Financial Mis-selling Claims Solicitors

If your bank or another financial company sold you a product that was not suitable for you, you may get compensation if you make a complaint. If you are unhappy with your firm’s response, the Financial Ombudsman Service or Pensions Ombudsman may accept and investigate your complaint.

What is financial mis-selling?

Mis-selling means that you were given unsuitable advice, the risks were not explained to you or you were not given the information you needed and ended up with a product that was not right for you.

As a non-financial example, say you were looking to buy a computer.

You told the shop assistant that you planned to watch DVDs on it, and they recommended a model.

Then you took it home and found that it did not have a DVD drive.

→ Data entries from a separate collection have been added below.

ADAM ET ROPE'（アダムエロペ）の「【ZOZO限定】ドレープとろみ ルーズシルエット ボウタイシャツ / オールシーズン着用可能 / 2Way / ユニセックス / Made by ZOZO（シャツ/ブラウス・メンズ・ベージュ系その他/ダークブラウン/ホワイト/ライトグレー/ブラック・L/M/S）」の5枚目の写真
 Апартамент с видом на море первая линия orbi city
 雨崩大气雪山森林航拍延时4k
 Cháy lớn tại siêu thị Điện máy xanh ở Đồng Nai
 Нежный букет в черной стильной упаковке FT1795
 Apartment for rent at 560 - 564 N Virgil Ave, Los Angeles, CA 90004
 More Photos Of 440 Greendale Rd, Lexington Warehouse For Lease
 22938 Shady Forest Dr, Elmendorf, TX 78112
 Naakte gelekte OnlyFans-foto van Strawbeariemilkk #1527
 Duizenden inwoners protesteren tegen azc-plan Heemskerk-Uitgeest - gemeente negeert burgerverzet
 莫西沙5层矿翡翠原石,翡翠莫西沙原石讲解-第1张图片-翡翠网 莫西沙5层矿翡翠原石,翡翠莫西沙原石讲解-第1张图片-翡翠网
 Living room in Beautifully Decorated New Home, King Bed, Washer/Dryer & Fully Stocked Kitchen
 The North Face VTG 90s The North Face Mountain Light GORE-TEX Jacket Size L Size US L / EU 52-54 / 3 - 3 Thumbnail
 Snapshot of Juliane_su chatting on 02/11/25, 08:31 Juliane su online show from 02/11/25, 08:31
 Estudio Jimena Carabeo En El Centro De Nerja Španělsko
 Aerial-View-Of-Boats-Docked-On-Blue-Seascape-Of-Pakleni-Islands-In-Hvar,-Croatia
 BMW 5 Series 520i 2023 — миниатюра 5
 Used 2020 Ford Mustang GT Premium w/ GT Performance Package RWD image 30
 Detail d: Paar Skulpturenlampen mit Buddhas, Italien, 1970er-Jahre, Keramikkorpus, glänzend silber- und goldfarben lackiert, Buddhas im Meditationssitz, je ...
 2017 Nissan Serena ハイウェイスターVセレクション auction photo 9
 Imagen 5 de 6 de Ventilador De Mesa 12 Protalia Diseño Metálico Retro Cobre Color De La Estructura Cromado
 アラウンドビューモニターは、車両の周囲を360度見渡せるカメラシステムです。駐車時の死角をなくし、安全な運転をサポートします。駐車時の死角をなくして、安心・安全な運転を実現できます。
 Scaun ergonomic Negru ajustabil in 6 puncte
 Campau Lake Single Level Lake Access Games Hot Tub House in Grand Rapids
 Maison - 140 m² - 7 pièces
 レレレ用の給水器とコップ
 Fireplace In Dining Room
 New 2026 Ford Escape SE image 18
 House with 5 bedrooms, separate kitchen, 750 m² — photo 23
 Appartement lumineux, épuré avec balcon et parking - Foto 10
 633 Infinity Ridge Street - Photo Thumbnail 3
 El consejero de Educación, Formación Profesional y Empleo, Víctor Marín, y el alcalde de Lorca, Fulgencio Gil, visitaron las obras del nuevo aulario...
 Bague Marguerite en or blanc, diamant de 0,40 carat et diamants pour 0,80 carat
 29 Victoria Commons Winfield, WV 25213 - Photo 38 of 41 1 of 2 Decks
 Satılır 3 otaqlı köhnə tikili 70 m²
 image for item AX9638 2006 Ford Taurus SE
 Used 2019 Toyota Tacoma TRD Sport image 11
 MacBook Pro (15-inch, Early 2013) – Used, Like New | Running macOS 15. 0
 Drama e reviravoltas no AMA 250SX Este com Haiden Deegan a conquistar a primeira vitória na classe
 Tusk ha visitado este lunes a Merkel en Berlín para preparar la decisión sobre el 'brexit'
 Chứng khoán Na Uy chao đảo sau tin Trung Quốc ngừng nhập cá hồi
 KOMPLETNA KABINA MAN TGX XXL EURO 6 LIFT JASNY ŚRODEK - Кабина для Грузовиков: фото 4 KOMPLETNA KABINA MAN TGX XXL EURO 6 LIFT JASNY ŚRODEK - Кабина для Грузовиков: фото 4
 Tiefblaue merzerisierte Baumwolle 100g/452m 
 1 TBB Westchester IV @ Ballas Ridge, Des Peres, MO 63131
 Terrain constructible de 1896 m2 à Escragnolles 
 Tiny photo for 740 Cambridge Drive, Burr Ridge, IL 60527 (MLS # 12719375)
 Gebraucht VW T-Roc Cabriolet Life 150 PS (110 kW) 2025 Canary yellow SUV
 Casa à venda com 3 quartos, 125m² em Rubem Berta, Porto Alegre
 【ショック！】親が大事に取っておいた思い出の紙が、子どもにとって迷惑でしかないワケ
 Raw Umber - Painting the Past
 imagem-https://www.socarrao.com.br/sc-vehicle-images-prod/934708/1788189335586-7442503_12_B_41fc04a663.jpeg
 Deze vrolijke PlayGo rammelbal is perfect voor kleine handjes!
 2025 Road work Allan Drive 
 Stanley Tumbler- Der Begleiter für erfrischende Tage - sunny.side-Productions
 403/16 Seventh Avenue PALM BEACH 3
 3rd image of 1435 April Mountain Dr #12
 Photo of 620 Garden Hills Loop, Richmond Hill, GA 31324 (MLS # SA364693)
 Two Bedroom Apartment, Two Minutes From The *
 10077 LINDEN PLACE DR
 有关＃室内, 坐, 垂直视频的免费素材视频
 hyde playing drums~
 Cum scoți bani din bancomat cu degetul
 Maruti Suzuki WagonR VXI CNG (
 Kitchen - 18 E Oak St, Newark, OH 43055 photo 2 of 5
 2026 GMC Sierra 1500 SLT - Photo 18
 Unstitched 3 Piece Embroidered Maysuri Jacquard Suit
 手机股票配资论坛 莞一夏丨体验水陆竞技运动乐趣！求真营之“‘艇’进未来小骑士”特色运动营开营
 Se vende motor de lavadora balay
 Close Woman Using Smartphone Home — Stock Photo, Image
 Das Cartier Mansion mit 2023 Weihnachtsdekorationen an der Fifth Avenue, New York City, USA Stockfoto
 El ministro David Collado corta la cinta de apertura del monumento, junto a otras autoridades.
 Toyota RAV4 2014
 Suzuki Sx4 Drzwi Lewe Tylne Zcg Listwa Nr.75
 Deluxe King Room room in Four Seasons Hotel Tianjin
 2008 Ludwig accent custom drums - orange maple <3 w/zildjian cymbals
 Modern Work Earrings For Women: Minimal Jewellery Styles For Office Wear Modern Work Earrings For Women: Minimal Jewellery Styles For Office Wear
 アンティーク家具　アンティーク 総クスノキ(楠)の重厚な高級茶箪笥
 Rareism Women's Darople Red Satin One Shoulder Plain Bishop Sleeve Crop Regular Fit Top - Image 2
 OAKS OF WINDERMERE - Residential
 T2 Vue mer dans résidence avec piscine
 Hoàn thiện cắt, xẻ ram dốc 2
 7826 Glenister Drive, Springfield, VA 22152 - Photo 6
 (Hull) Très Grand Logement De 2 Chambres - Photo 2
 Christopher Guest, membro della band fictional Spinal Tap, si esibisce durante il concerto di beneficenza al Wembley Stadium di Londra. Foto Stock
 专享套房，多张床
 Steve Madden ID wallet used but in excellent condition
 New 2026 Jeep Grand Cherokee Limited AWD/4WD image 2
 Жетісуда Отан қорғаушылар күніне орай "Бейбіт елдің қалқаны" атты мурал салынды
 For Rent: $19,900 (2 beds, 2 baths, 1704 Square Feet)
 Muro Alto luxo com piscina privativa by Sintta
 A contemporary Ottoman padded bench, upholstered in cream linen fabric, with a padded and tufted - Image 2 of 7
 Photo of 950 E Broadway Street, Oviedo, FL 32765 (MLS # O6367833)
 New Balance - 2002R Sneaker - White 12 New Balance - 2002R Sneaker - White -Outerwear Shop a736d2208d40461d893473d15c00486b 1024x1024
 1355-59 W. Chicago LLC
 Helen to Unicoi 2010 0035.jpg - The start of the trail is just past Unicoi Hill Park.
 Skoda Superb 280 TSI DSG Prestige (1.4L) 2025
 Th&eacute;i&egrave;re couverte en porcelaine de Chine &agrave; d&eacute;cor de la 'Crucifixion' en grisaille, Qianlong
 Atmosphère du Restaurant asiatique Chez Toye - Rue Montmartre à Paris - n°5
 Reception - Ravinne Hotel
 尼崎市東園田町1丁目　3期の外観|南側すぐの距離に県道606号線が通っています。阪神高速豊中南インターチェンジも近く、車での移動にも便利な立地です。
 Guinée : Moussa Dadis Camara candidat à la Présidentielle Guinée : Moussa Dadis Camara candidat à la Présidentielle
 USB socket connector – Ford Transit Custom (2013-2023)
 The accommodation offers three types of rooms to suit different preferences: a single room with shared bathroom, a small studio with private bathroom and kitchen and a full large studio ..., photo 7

There is nothing wrong with the computer itself – it is not faulty, but it is not what you needed.

The computer was mis-sold to you.

It is just the same when you are sold a financial product.

The person who advises you to buy must recommend something suitable for your needs, and explain properly what it can and can not do.

They should make sure you know the risks. If they do not do this, you might be able to claim compensation.

Fair treatment

Financial services must be sold to you in a manner that is “fair, clear and not misleading”.

Source: Financial Conduct Authority (FCA)

Key things to remember about financial mis-selling:

It is not about whether you lost money – even if you did not lose out if the product is not right for you – perhaps it is a riskier investment than you wanted – you can still make a complaint about financial mis-selling.

You can not complain just because an investment performed badly – some investments are risky, and if you take a gamble you have to accept that you might lose. But you can complain if you were not told about the risk.

Examples of financial mis-selling

Payment protection insurance (PPI) mis-selling examples

There are many ways you might have been mis-sold PPI.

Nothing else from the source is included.